So often in the trading and investing world I hear people talk about where price is likely to turn next, where is the next key supply or demand level, where is the next big turning point and so on. The question I hardly ever hear anyone asking is, “Where is the next big profit zone?” This is one of, if not THE, most important things to consider when putting your hard earned money at risk in markets.
To explain the concept of profit margin and its importance in trading, let’s take a look at a trade I took the other day from a supply level found on our Supply/Demand grid, a daily service for our Mastermind Community members. Here we are looking at a small time frame chart of the S&P Futures. Notice the supply level above.

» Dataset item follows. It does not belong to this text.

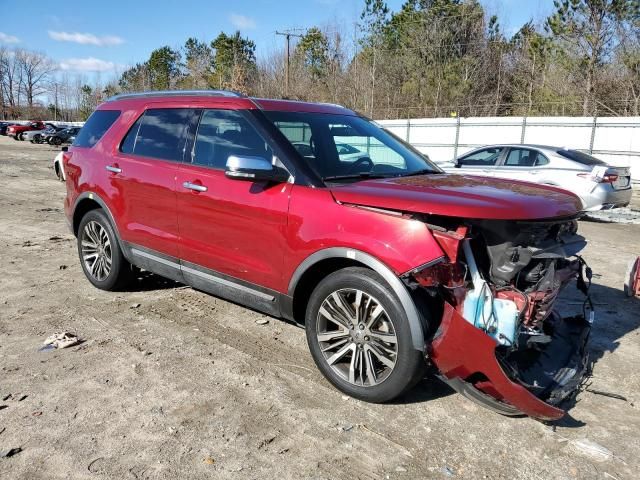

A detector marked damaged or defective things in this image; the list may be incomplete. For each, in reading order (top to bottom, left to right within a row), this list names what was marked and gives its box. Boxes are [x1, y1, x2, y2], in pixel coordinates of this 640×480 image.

crumpled hood [332, 173, 584, 220]
severe front damage [404, 216, 592, 418] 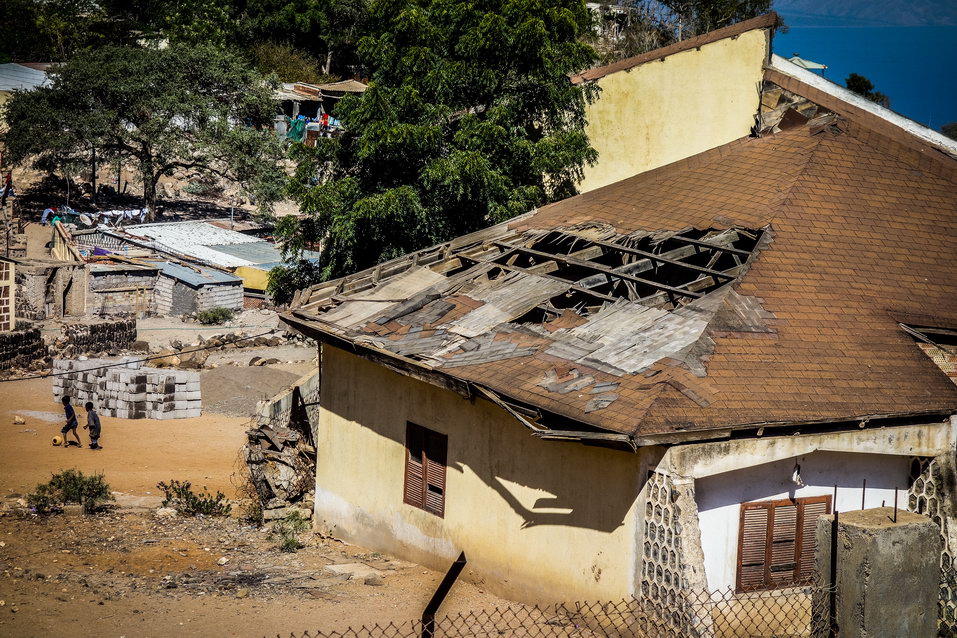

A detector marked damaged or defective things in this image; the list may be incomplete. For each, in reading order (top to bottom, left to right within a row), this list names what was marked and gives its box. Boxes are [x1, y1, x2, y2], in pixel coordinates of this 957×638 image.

This is where we expected there to be more willing supply than demand. The strategy tells us that banks and institutions are selling the S&P at that level. The blue circled area on the chart is the “profit zone,” which is basically the distance from the supply level to the demand below. Notice in that circled area we have plenty of price action but none of it represents demand. In other words, there are no fresh demand levels to stop price from moving through that area. The trading opportunity was to sell short at the supply level above (entry in black circle) and profit from a move down through that circled area below.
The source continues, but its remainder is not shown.